_How to complete this task_: With the images removed, return every line below exactly as it reads.

_Web page caption snippets_:
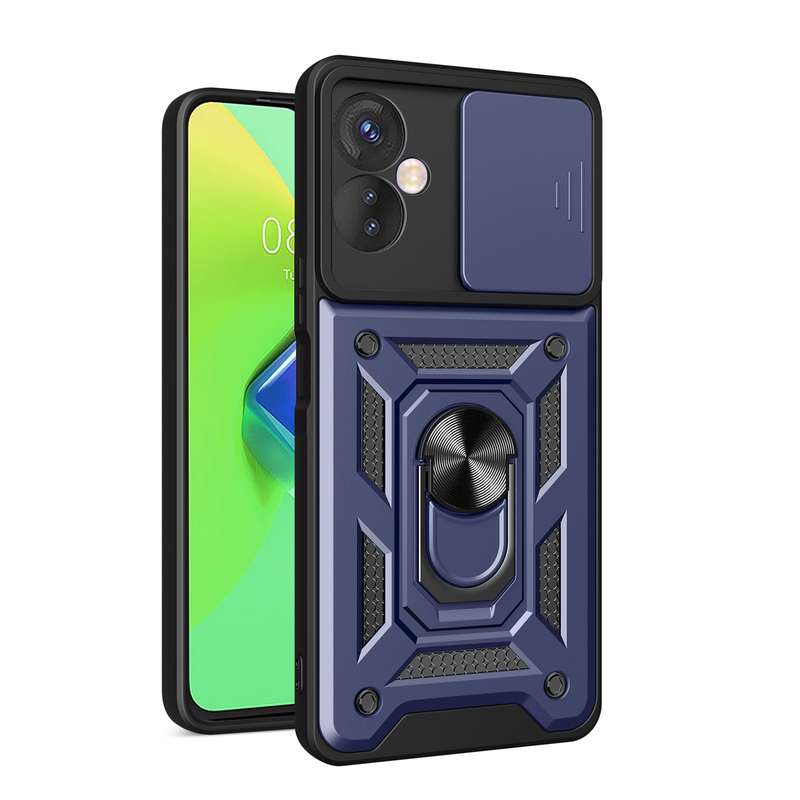 For Tecno Spark 9 Pro Sliding Camera Cover Design Phone Case(Black)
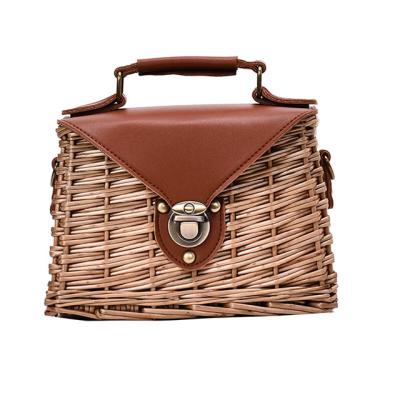 China New Fashion Special Weave Shoulder Bag Women Mini Fashion Bag Beach Handbag for sale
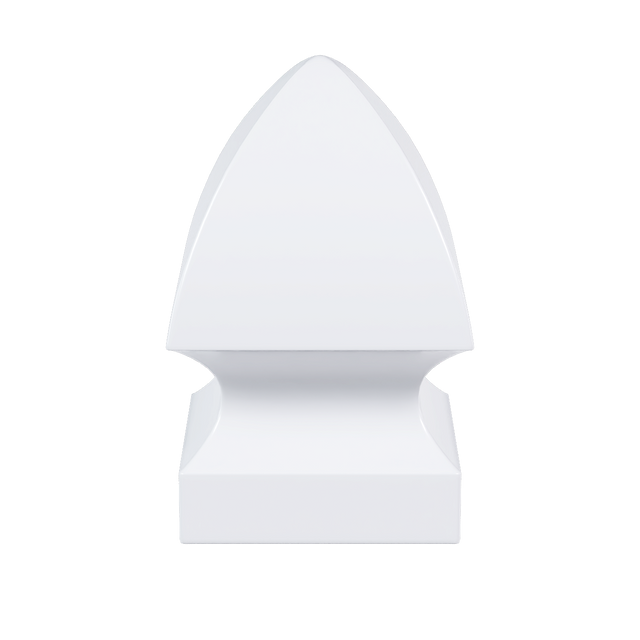 Plastic Colonial Post End Cap - White Gothic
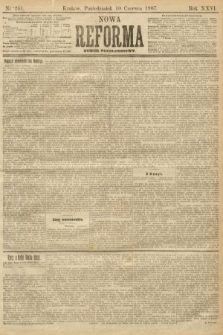 Nowa Reforma (numer popołudniowy). 1907, nr 261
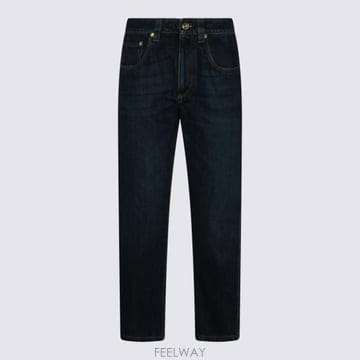 26FW 브루넬로 쿠치넬리 데님 팬츠 MP095P5847 C9370 Blue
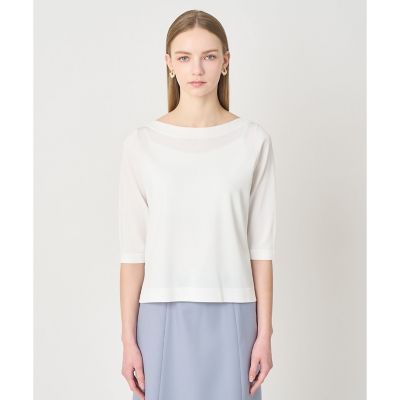 スリーブボタンボートネックプルオーバー | ANAYI/アナイ | 三越伊勢丹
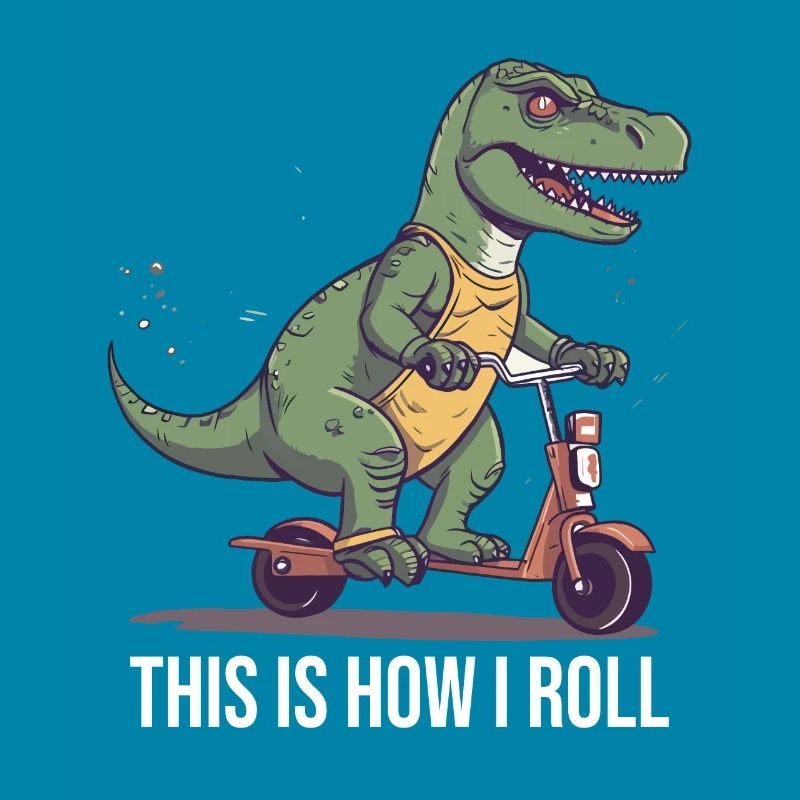 Scootering T Rex C’est comme ça que je roule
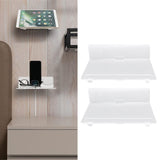 2PCS Floating Shelf Acrylic Wall Shelf Easy Installation Wall Mount for Speaker Monitor Living Room Wall Decor - Extra Image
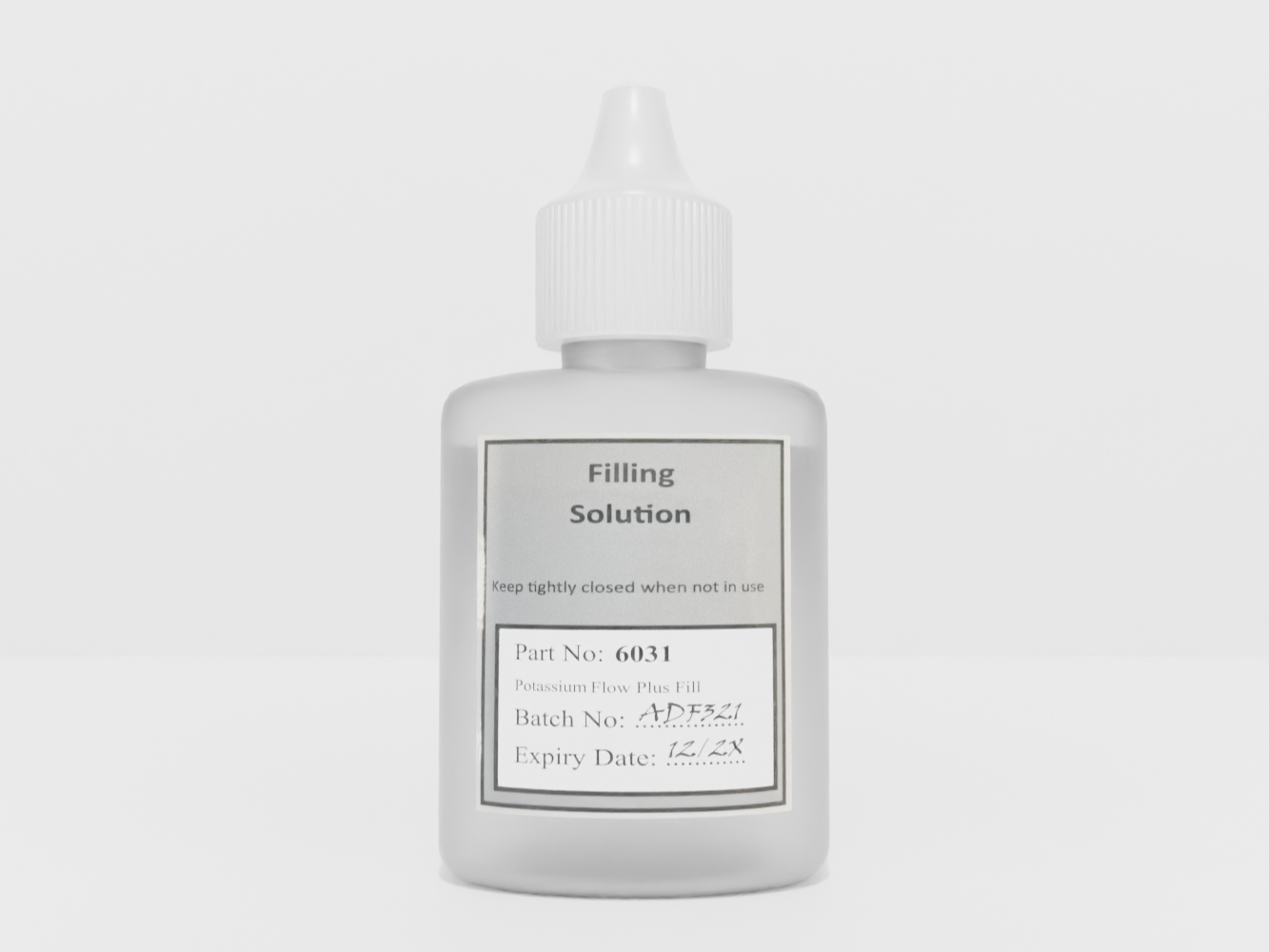 Image showing a small bottle of solution.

_Written answer_:
 For Tecno Spark 9 Pro Sliding Camera Cover Design Phone Case(Black)
 China New Fashion Special Weave Shoulder Bag Women Mini Fashion Bag Beach Handbag for sale
 Plastic Colonial Post End Cap - White Gothic
 Nowa Reforma (numer popołudniowy). 1907, nr 261
 26FW 브루넬로 쿠치넬리 데님 팬츠 MP095P5847 C9370 Blue
 スリーブボタンボートネックプルオーバー | ANAYI/アナイ | 三越伊勢丹
 Scootering T Rex C’est comme ça que je roule
 2PCS Floating Shelf Acrylic Wall Shelf Easy Installation Wall Mount for Speaker Monitor Living Room Wall Decor - Extra Image
 Image showing a small bottle of solution.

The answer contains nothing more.